A megaestrutura da banda faz jus à histeria. O U2 chega com 400 toneladas em equipamento divididas em quatro Boeings 747. Uma boa prévia do espetáculo é o DVD Vertigo 2005/U2 live from Chicago (Universal), que será exibido como especial pelo canal pago HBO Plus, no sábado 21. São 23 músicas totalizando 3h17 minutos de rock e magia em um palco de círculos adjacentes a partir da bateria de Larry Mullen. Em uma circunferência maior ficam o baixista Adam Clayton e o guitarrista The Edge, deixando o terceiro círculo, que chega à metade do estádio, para Bono. Ao som perfeito somam-se imagens reproduzidas por cortina de lâmpadas especiais (LEDs), que funcionam como pixels, substituindo com vantagem os telões.
Mais que o visual, o que importa é o som épico e a capacidade do quarteto de recriar a energia da banda a cada trabalho. O baterista Larry formou o grupo em 1976 com colegas de escola, o igualmente dublinense Paul Hewson, apelidado Bono Vox, e os ingleses Adam Clayton e Dave Evans, este conhecido como The Edge. O primeiro single foi gravado três anos depois. Mas a banda só atingiu o estrelado com o terceiro álbum, War, lançado em 1983, trazendo New Year’s day, que tocam até hoje. O U2 fez uma aparição espetacular no Live Aid de 1985 e arrasou os Estados Unidos com a turnê do disco Joshua tree, de 1987, transformada em filme – Rattle and hum. A década seguinte só fez crescer a sua popularidade como a maior banda de estádio, ao lado dos Rolling Stones, ocupando o posto do Queen, dissolvido com a morte do vocalista Freddy Mercury, em 1991. Nem mesmo o grunge de Seattle incomodou seu reinado.
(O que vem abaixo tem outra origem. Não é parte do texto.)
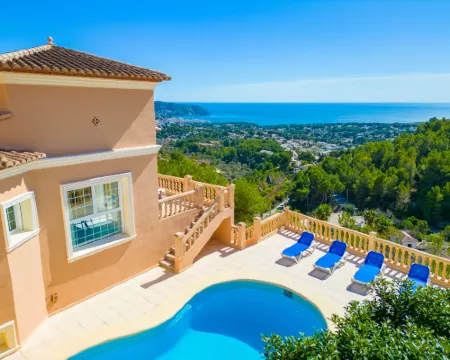 La Perla Hotels in Teulada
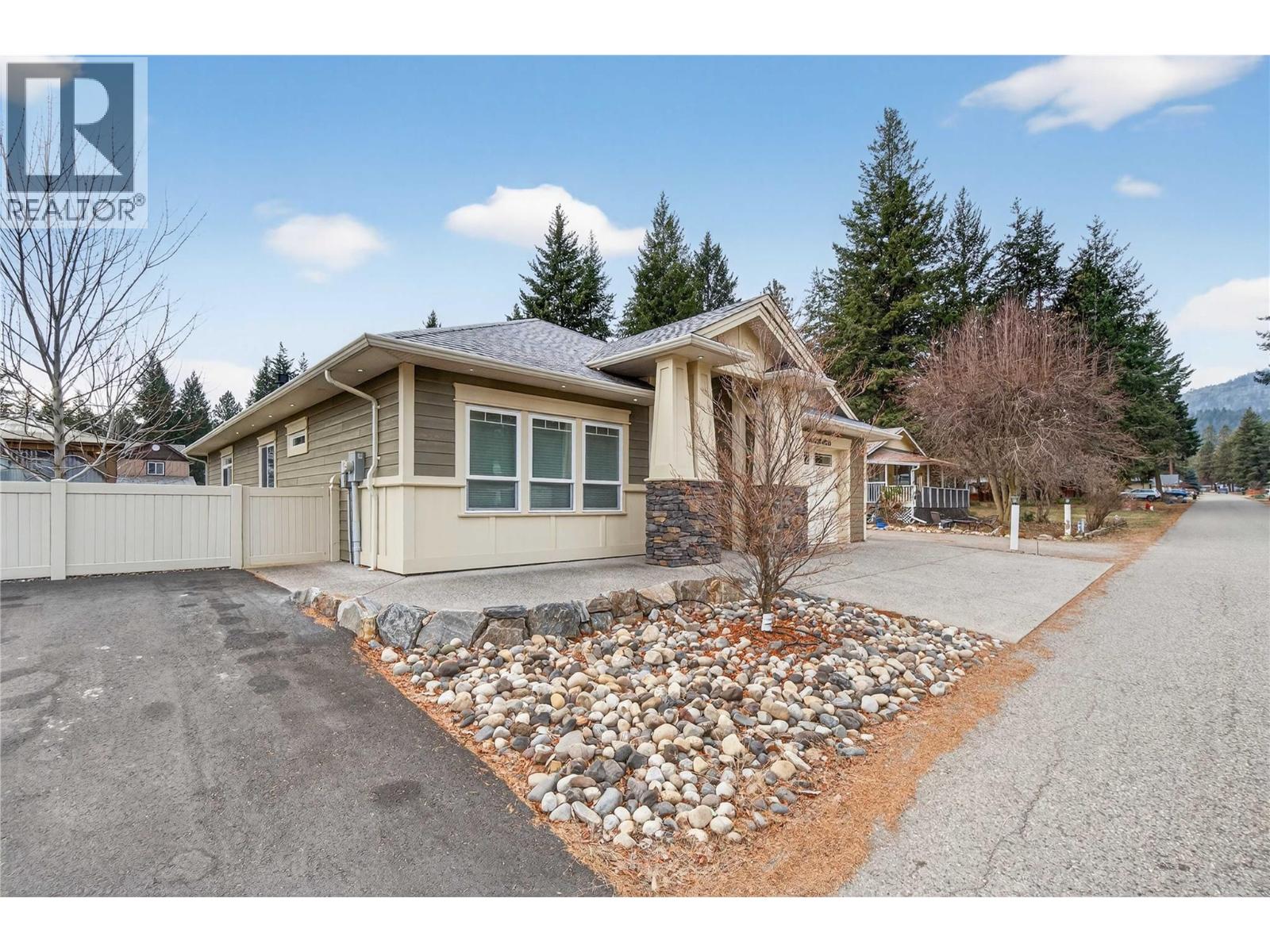 339 Hummingbird Avenue, Vernon, British Columbia  V1H 2A1 - Photo 50 - 10363350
O U2 mostrado no DVD que já vendeu mais de um milhão de cópias é o mesmo que tocará para os fãs brasileiros em fevereiro próximo. Mullen, com o topete loiro domado pela brilhantina e os músculos realçados pela camisa justa, estará batendo forte com aquele ar de “Elvis não morreu”. Já Clayton trocará algumas vezes de baixo, tocará guitarra da canção 40 e no hotel deverá ser confundido com algum professor universitário ou paleontólogo em férias. Esse não é o caso de The Edge, cuja touca de lã parece ter saído do figurino de algum filme de presídio. Como Bono, o músico não sabe o significado do verbo escanhoar. Em vez de roupa, troca de instrumento em cada música – quatro guitarras Fenderes, três Gibsons, uma Rickenbacker, uma Gretsch, uma Epiphone, três violões e um piano. Bono entrará de pretinho básico com casaco de couro, que dará lugar a um smoking sobre camiseta denunciando a miséria africana, para, ao final, vestir-se de uniforme vagamente nazista. Preto, é lógico. Todos parecem se divertir o tempo todo. O público, claro, vai fazer o mesmo.